Problem to work on -
With pictures left out, only the lines from the one containing "REPLAY Mens Jumper" through the end of the records should be reproduced exactly, please.

Items from a data source -
----------

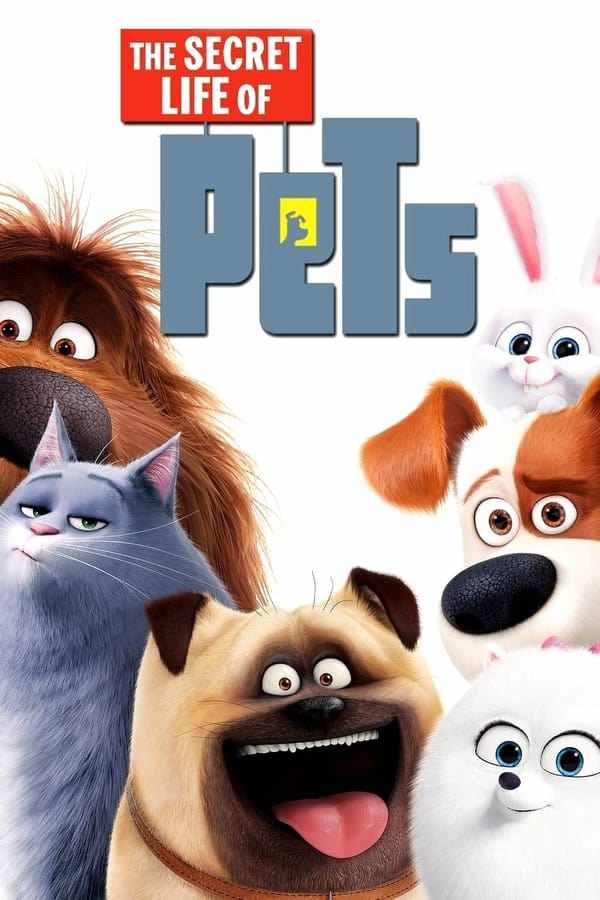 The Secret Life of Pets (2016) WeB-DL Dual Audio [Hindi-English] ESub 480p | 720p | 1080p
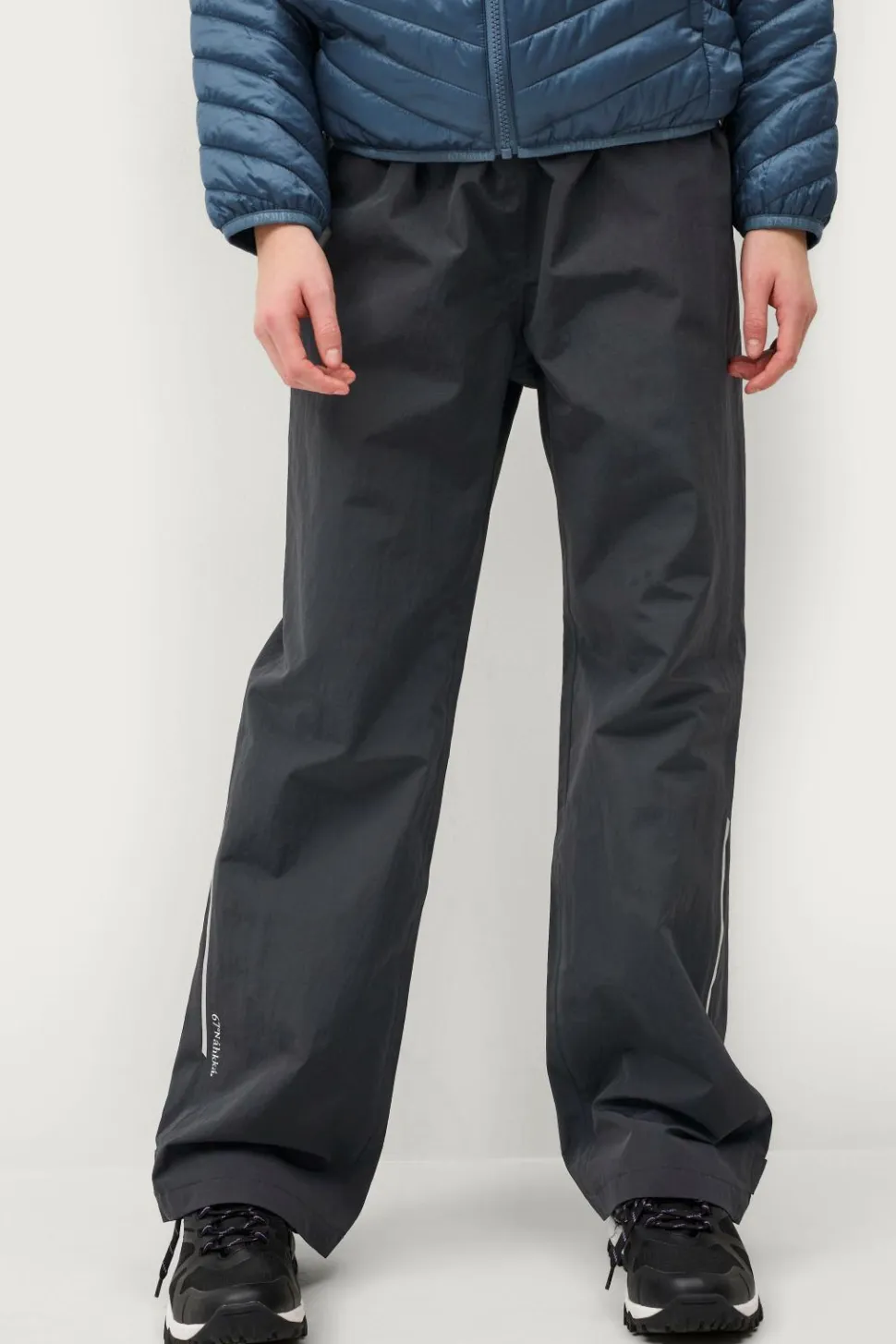 Áhkká Overtræksbukser Shell Pant Jr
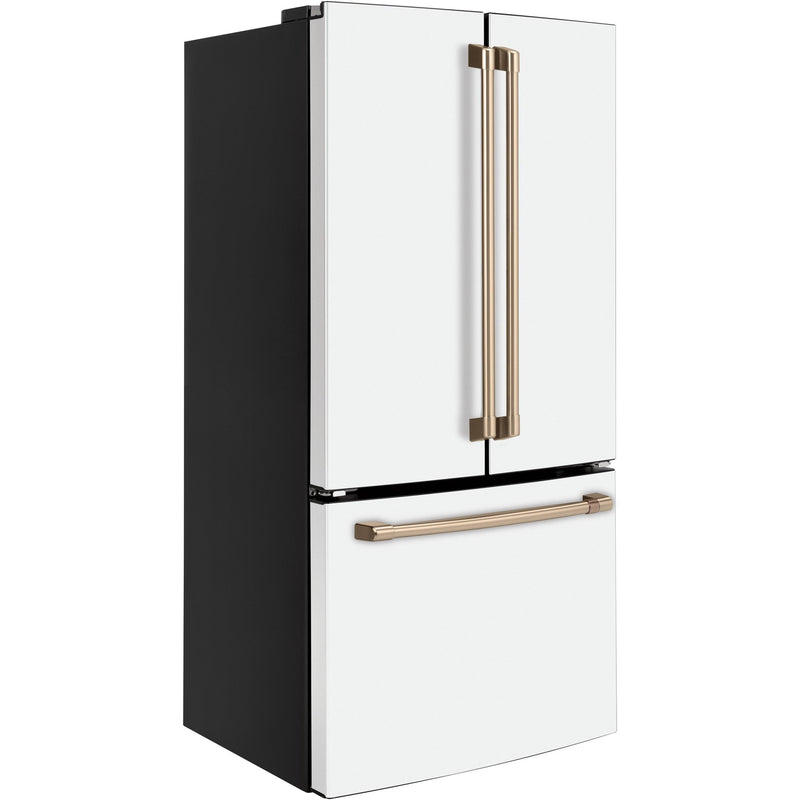 Café 33-inch, 18.6 cu. ft. Counter-Depth French 3-Door Refrigerator CWE19SP4NW2 IMAGE 5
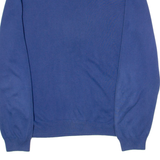 REPLAY Mens Jumper Blue Crew Neck Tight Knit L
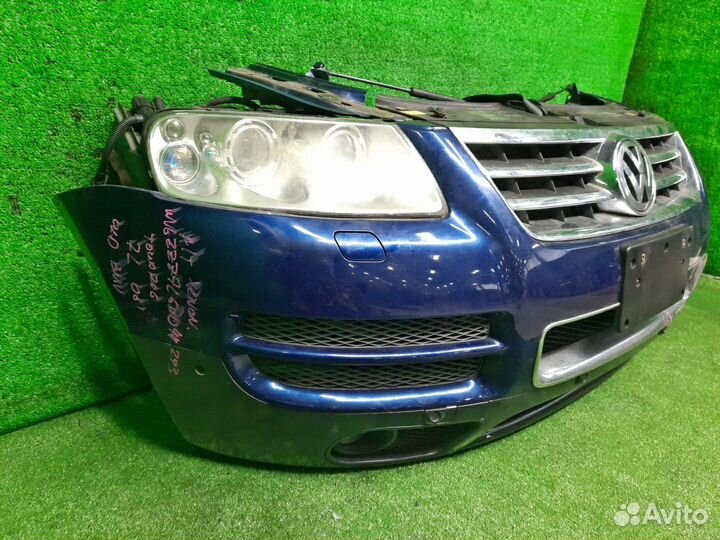 Ноускат volkswagen touareg 7L BMV (9735) контрактн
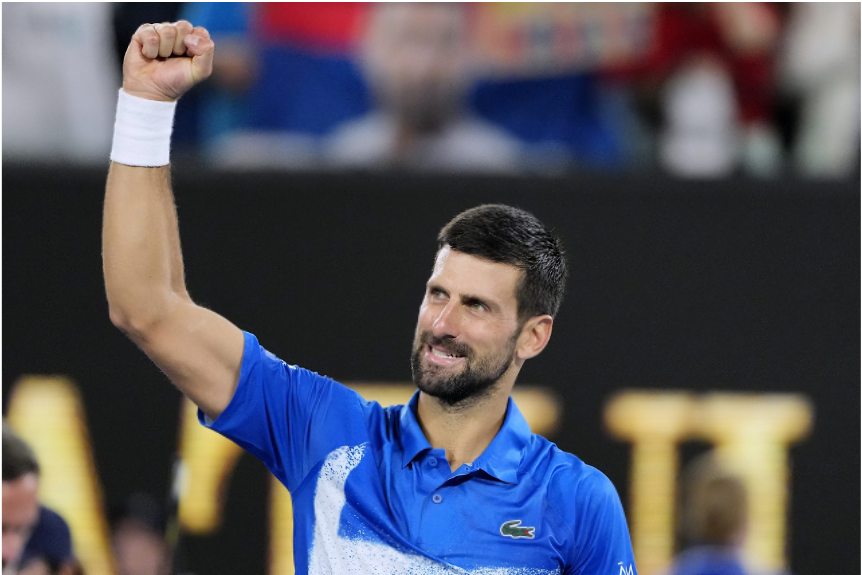 Novak Djokovic- Listo para nuevas victorias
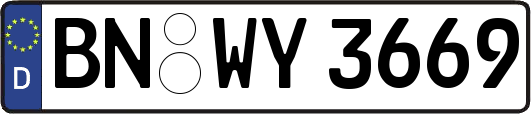 BN-WY3669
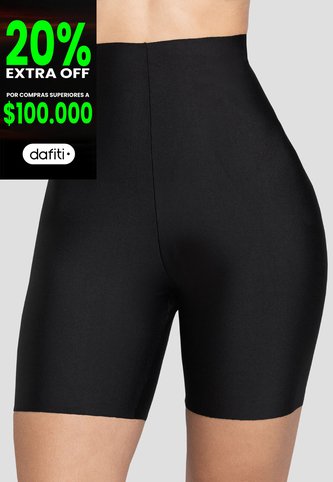 Short Mujer Negro FI 100953 Formas Intimas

----------

Your solution -
 REPLAY Mens Jumper Blue Crew Neck Tight Knit L
 Ноускат volkswagen touareg 7L BMV (9735) контрактн
 Novak Djokovic- Listo para nuevas victorias
 BN-WY3669
 Short Mujer Negro FI 100953 Formas Intimas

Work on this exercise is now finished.